### Exercise
Please return every line below that contains the string "Chevrolet".
-- -- --
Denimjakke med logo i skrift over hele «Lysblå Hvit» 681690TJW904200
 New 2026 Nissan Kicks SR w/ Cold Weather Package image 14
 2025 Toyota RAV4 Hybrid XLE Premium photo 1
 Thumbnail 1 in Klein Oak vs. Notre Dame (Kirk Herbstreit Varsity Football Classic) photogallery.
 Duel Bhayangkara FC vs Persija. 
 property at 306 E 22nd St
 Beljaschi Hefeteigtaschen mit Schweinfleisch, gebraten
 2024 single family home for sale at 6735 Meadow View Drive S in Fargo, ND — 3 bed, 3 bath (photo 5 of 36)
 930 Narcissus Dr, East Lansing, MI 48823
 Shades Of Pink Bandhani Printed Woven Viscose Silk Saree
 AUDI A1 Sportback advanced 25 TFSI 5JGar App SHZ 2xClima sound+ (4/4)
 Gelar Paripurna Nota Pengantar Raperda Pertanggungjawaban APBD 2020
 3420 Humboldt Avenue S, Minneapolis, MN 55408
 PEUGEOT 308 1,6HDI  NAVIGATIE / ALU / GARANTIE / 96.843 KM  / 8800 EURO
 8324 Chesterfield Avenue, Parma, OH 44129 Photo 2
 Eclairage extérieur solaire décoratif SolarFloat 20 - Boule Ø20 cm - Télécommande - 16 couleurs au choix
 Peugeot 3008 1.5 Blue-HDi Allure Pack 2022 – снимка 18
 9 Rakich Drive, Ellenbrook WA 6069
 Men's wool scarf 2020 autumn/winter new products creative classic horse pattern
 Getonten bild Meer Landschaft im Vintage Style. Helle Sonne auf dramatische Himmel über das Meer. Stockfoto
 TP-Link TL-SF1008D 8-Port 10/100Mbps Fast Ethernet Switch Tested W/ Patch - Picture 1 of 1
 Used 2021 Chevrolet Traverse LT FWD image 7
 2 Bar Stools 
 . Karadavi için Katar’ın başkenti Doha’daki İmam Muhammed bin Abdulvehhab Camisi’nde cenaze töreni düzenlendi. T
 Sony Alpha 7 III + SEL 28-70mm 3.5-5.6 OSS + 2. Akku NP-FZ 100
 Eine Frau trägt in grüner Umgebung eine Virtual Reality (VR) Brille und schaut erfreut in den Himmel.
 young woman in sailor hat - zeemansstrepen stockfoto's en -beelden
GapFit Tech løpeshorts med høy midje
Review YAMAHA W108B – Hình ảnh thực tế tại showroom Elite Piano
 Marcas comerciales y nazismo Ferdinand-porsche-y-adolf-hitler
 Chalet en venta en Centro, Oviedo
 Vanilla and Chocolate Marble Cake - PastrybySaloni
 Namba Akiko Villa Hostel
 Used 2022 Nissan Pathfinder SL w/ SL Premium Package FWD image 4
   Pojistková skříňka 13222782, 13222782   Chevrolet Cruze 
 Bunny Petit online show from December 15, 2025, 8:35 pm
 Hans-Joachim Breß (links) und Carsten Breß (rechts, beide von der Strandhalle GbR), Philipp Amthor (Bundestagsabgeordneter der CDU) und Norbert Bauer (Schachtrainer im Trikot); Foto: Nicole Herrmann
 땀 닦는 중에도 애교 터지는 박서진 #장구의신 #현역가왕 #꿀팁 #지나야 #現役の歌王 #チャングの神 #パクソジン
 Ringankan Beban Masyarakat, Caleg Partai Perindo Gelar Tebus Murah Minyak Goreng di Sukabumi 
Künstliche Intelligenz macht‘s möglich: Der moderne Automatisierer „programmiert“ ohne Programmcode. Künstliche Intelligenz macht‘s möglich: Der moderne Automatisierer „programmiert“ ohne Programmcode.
-- -- --
### Answer space
 Used 2021 Chevrolet Traverse LT FWD image 7
   Pojistková skříňka 13222782, 13222782   Chevrolet Cruze 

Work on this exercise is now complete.